Activity => For the entries below, copy exactly the line that contains "Soft Spell Club" through the line that contains "Knorr Prandell Felt-Making", both ends included, and exclude all pictures.

Provided information =>
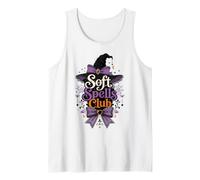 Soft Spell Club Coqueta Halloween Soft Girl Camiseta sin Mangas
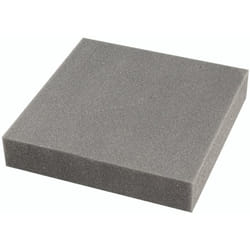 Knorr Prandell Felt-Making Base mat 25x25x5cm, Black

==

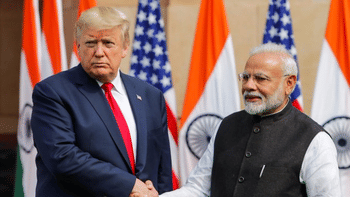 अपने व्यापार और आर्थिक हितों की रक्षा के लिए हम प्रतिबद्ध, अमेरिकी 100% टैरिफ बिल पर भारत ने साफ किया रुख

==

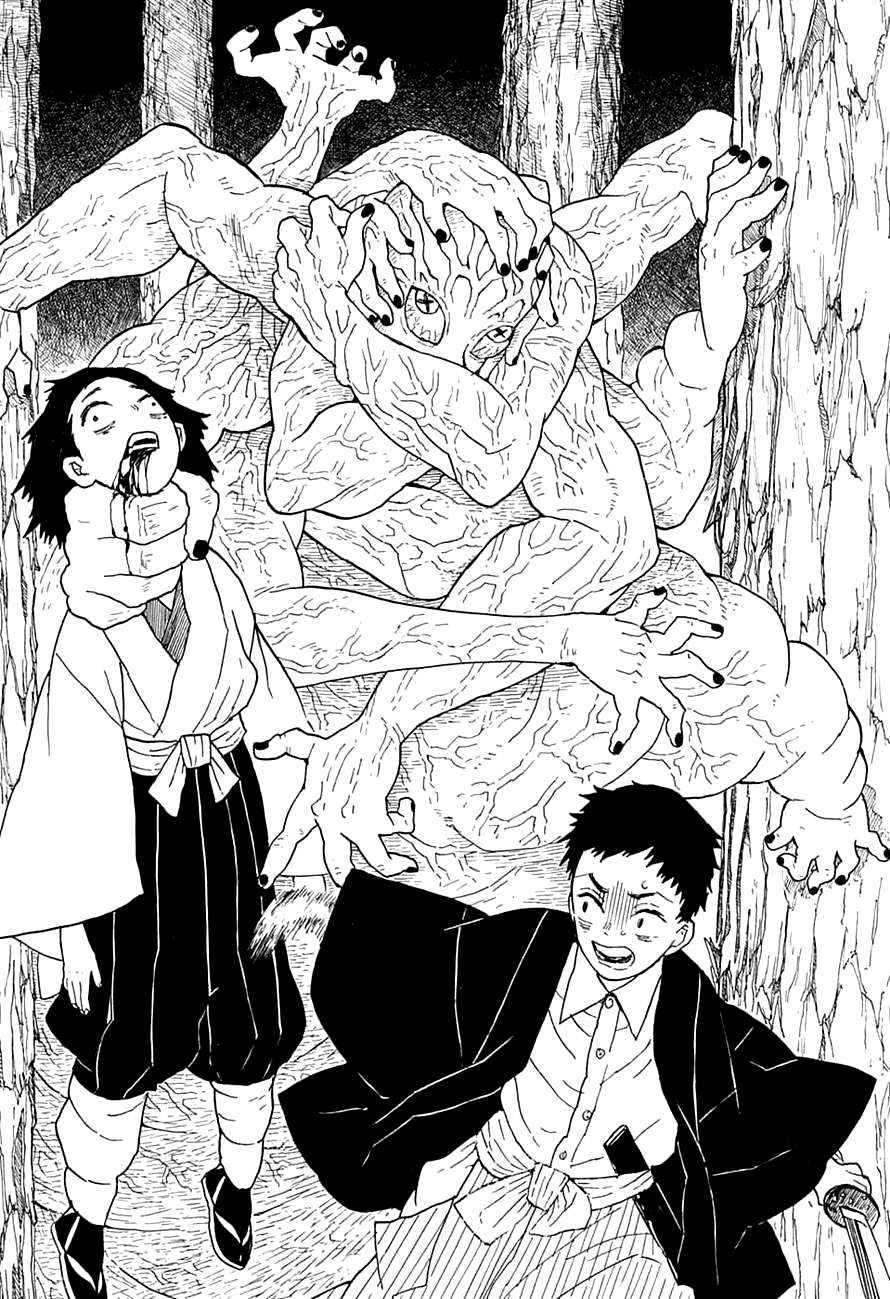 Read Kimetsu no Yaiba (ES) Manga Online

Reply =>
 Soft Spell Club Coqueta Halloween Soft Girl Camiseta sin Mangas
 Knorr Prandell Felt-Making Base mat 25x25x5cm, Black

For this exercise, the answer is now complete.